EXERCISE INSTRUCTIONS:
Beginning with the line where "Adler Portable cooler" appears, restate the lines word for word through the last one in the listing.

TASK INPUT:
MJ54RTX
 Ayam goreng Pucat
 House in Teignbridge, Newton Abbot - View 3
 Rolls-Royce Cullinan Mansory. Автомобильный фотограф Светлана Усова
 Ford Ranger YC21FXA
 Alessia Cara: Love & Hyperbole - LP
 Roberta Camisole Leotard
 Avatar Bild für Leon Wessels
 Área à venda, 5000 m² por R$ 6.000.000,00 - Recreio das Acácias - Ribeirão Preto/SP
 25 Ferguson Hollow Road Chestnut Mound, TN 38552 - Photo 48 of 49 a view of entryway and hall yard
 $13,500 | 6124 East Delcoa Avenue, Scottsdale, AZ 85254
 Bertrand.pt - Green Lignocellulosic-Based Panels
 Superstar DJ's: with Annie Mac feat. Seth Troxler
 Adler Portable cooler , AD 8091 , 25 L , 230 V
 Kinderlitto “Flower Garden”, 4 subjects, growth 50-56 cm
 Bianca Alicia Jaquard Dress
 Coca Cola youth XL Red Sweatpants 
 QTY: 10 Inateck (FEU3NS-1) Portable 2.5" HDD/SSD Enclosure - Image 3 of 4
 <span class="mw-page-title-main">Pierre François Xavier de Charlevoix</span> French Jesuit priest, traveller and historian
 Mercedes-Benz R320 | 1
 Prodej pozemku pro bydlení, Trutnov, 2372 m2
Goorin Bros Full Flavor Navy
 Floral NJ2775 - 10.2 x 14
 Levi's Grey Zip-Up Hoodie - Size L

TASK OUTPUT:
 Adler Portable cooler , AD 8091 , 25 L , 230 V
 Kinderlitto “Flower Garden”, 4 subjects, growth 50-56 cm
 Bianca Alicia Jaquard Dress
 Coca Cola youth XL Red Sweatpants 
 QTY: 10 Inateck (FEU3NS-1) Portable 2.5" HDD/SSD Enclosure - Image 3 of 4
 <span class="mw-page-title-main">Pierre François Xavier de Charlevoix</span> French Jesuit priest, traveller and historian
 Mercedes-Benz R320 | 1
 Prodej pozemku pro bydlení, Trutnov, 2372 m2
Goorin Bros Full Flavor Navy
 Floral NJ2775 - 10.2 x 14
 Levi's Grey Zip-Up Hoodie - Size L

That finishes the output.